Depois de Lisboa e Vila do Conde, Paulo Furtado apresenta hoje "Masquerade" em Vigo, numa digressão com 25 datas marcadas até Agosto, que passa pelo Porto no dia 13 de Abril, e por Coimbra, terra natal de Furtado, a 25 de Maio.

Acompanhado por um DVD com um documentário, curtas-metragens destinadas a acompanhar várias canções e um estudo fotográfico chamado "10% Formol", "Masquerade" é, para Paulo Furtado, um disco "mais fluido e eficaz", terceiro da carreira como Legendary Tiger Man.

Em entrevista à Agência Lusa, o músico que também integra os Wraygunn a firmou que, ultrapassadas as preocupações "com a parte técnica e a execução" dos discos anteriores, pôde concentrar-se "nas canções, de uma forma mais liberta e mais musical".

"Torna-se mais fácil passar as preocupações para a canção", afirmou, o que resultou num disco "directo e simples", com Furtado na guitarra, percussão e voz, formato "one man band" que distinguiu pela novidade o projecto no início.

"Masquerade", editado pela Valentim de Carvalho, apresenta os blues pelos dedos e voz de um músico português que começou no rock e que descobriu ao vivo a América, através dos já extintos Tédio Boys.

Embora o continente americano, a sua música e vivência "na estrada" marquem o tom da sua música, por enquanto Paulo Furtado tem-se satisfeito com o facto de gravar em Portugal, por ter encontrado "pessoas competentes", nomeadamente Mário Barreiros, produtor de "Masquerade".

No entanto, não põe de parte vir a produzir nos Estados Unidos, voltando a "beber novas influências" depois de alguns anos de ausência, em que considera ter desenvolvido uma personalidade própria.

Paulo Furtado conta também com a participação de Nell Assassin no tema "Say Hey Hey" e dos Dead Combo em "Let Me Give It To You", dois dos seus preferidos, que "engrandeceram" com as suas participações o "processo solitário" que levou à criação da música em "Masquerade".

Além dos originais, Paulo Furtado revisita "Route 66", de Bobby Troup, e "Blue Moon Baby", de Dave Diddley Day, duas versões que remetem justamente para o imaginário norte-americano e para a raiz dos blues.

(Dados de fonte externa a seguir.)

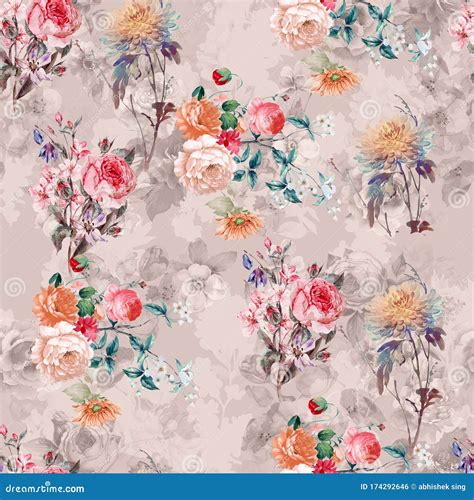 Digital Print Flower Pattern Design Stock Illustration Illustration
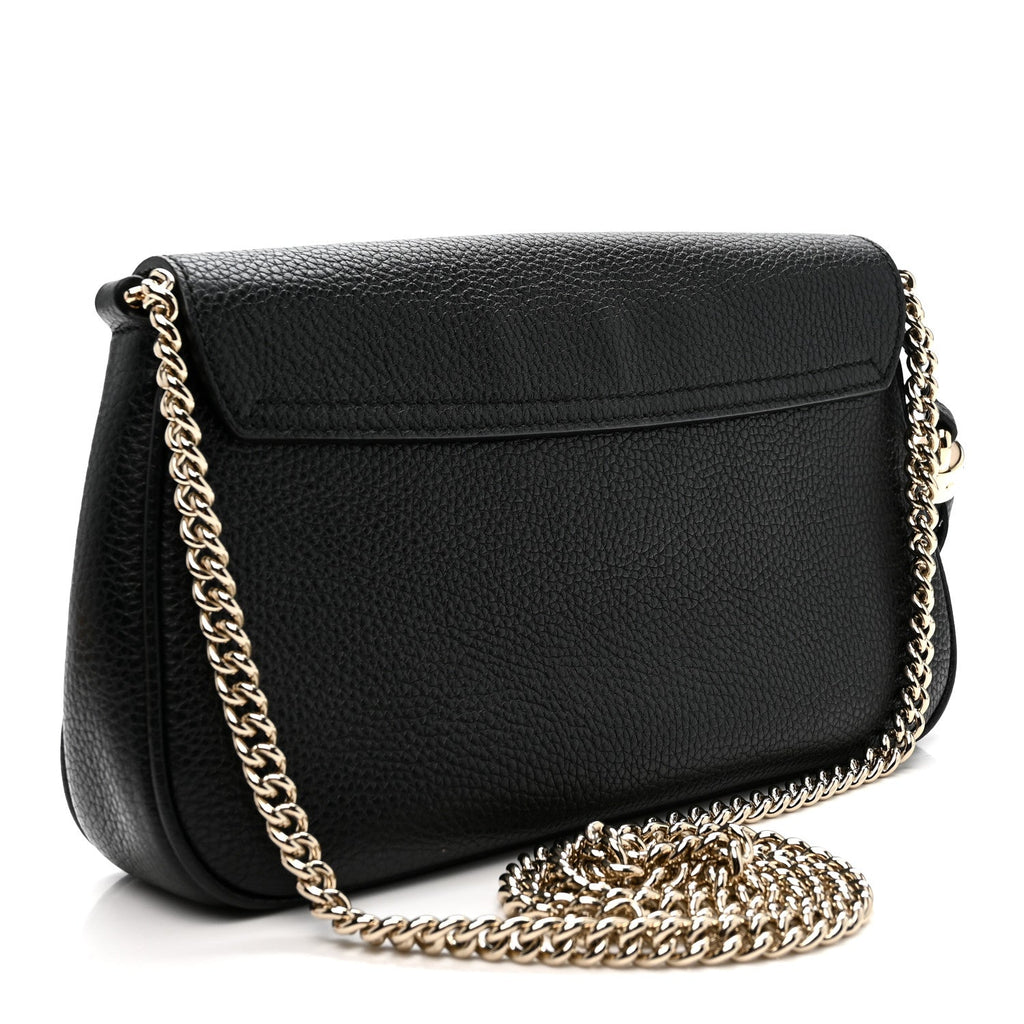Gucci Pebbled Calfskin Medium Soho Flap Crossbody Black
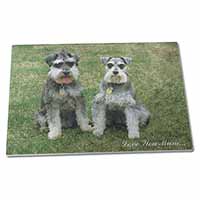 Large Glass Cutting Chopping Board Schnauzers 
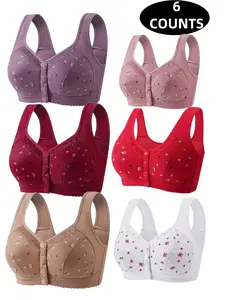 Women's Lace Floral Wireless Bra Set, Comfortable Breathable Push-Up Bras, Medium Support, Front Buckle Design, All Seasons, Elegant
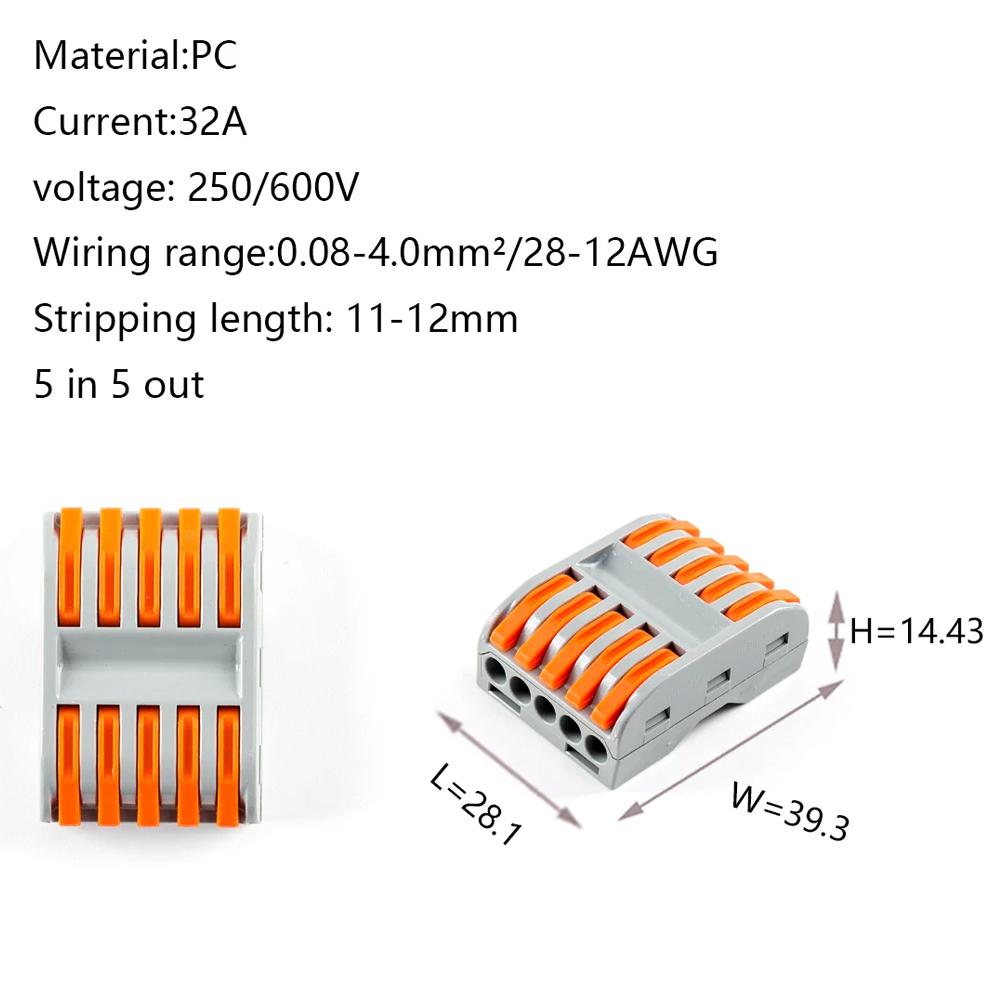 10pcs Mini Mini Quick Wire Connector PCT-221/222/223/224/225 Universal Compact Electric Push-in Connectors Quick Terminal Block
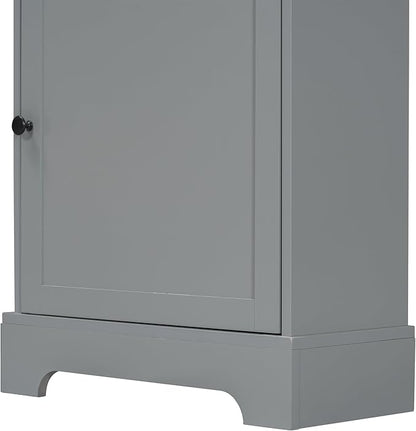Favfurish 67" Tall Bathroom Storage Cabinet with Door and 3 Drawers,Modern Linen Cabinets w/Adjustable Shelf & 2-Tier Open Shelves,Freestanding Organizer for Bath Room,Study,Office,Grey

O ambiente do disco, da capa e das fotografias que o acompanham, da autoria de Pedro Medeiros, remetem para o realizador expressionista alemão Fritz Lang, e os filmes "Psycho", de Hitchcock, ou "Freaks", de Todd Browning.

The Legendary Tiger Man surge como um taxidermista ou uma espécie de Dr. Frankenstein, apostado em criar uma mulher, "objecto de desejo", que no entanto surge sem vida, inexpressiva, explicou o músico.

A noção de "objecto de desejo", que para Furtado surge actualmente com uma conotação negativa, "politicamente incorrecta", mas que o músico entende com o "uma felicidade, uma parte importante da vida", que no trabalho artístico que rodeia o álbum é assumidamente levada "ao extremo".

Complemento da música, "Masquerade" inclui um DVD com várias "curtas-metragens" idealizadas por Edgar Pêra, André Cepeda e um documentário sobre a gravação do álbum realizado por Rodrigo Areias.

Ao vivo, a parte visual associada ao disco vai estar presente, com as curtas-metragens incluídas na edição - e algumas inéditas - a serem projectadas por trás de Legendary Tiger Man, complementando a imagem de palco.

Para Paulo Furtado, é uma forma de "continuar a ter prazer" nos concertos, desde já por "ter que acertar [a música] com os filmes".

Os concertos de promoção vão também ter um tom diferente, porque devido à natureza do espectáculo, passam maioritariamente em auditórios, quando antes Paulo Furtado se apresentava em sítios onde "fumar, beber e dançar" era mais fácil.

No entanto, o músico não receia a mudança de ambientes, notando que apresentará agora "um espectáculo mais completo", onde o "pudor de se levantar e dançar" poderá levar a audiência para uma "perspectiva diferente, menos envolvida fisicamente mas mais embrenhada intelectualmente".

"10% Formol", a exposição de 18 fotografias que acompanha a edição de " Masquerade", está no auditório municipal de Vila do Conde, seguindo depois em itinerância até ao fim do ano.